Corinthian Drops After Government Limits Student Aid Access
Corinthian Colleges Inc. (COCO), a for-profit college chain under investigation for allegedly falsifying grades and job placement data, said it might have to cease as a going concern after the government limited its access to federal student aid.
The U.S. Education Department put Santa Ana, California-based Corinthian on heightened financial oversight after repeated requests for information, the department said today in a statement. Corinthian will now have to wait 21 days after submitting enrollment data to draw on student-aid funds, rather than a maximum of 72 hours.
Corinthian plunged 67 percent to 28 cents in New York, the biggest drop since it began trading in February 1999. The stock has lost 84 percent of its value this year.
“The company’s cash balances will be insufficient to sustain it through this transition period,” Corinthian said today in a regulatory filing, adding that talks with banks about a bridge loan have been unsuccessful.
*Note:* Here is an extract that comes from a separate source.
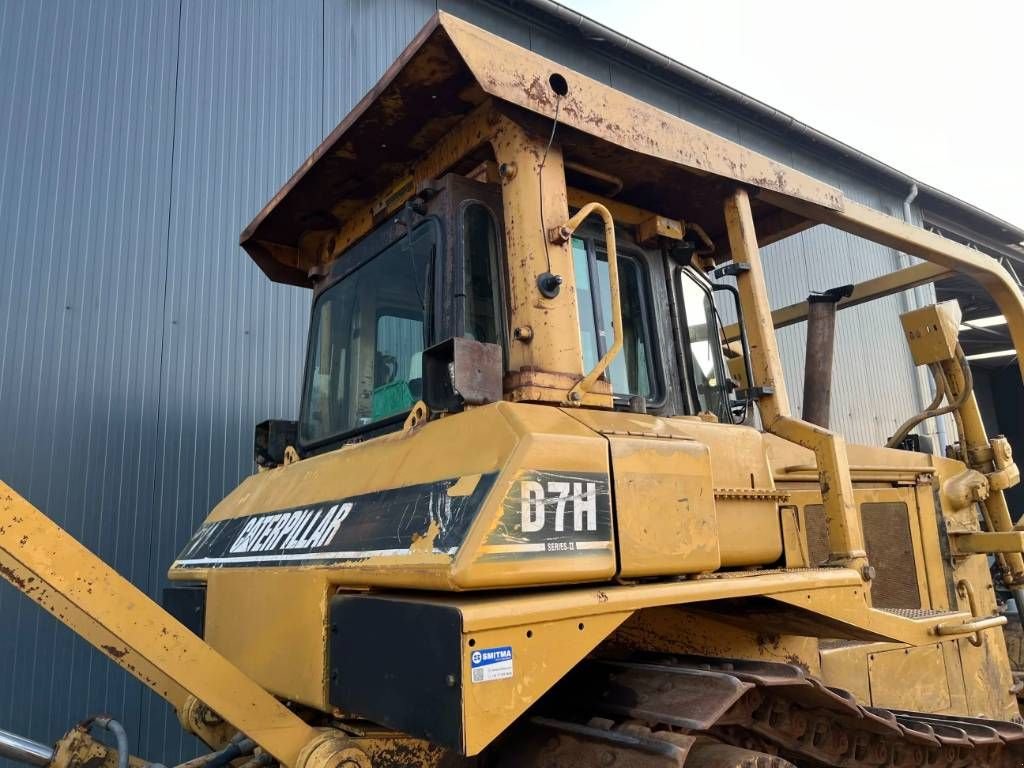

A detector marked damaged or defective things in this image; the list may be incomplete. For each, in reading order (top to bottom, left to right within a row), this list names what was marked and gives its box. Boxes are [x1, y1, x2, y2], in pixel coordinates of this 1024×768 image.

rusty steel canopy [240, 11, 840, 288]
An inability to find alternative financing “would cause the company to be unable to continue as a going concern.”
For-profit colleges are suffering enrollment declines amid investigations by Congress, the Justice Department and state attorneys general into their recruitment and student borrowing practices. While students can improve their job prospects with online, for-profit college programs, too many of them are left with debt and no degree, Education Secretary Arne Duncan said in March.
Michael Tarkan, an analyst at Compass Point Research & Trading LLC in Washington, cut his price estimate on Corinthian shares to zero from 50 cents.
“Even if they can dodge this bullet, which is a long shot, they have so many regulatory and operational overhangs, and they don’t have the capital to withstand that pressure,” Tarkan said in a telephone interview.
The Education Department took action “after the company failed to address concerns about its practices, including falsifying job placement data used in marketing to prospective students and allegations of altered grades and attendance,” the department said in today’s statement.
Kent Jenkins, a spokesman for Corinthian, declined to comment.
The increased oversight applies to Corinthian’s Everest, WyoTech and Heald brands, the department said. The schools had a total of about 75,000 students as of the end of March, Corinthian said in May.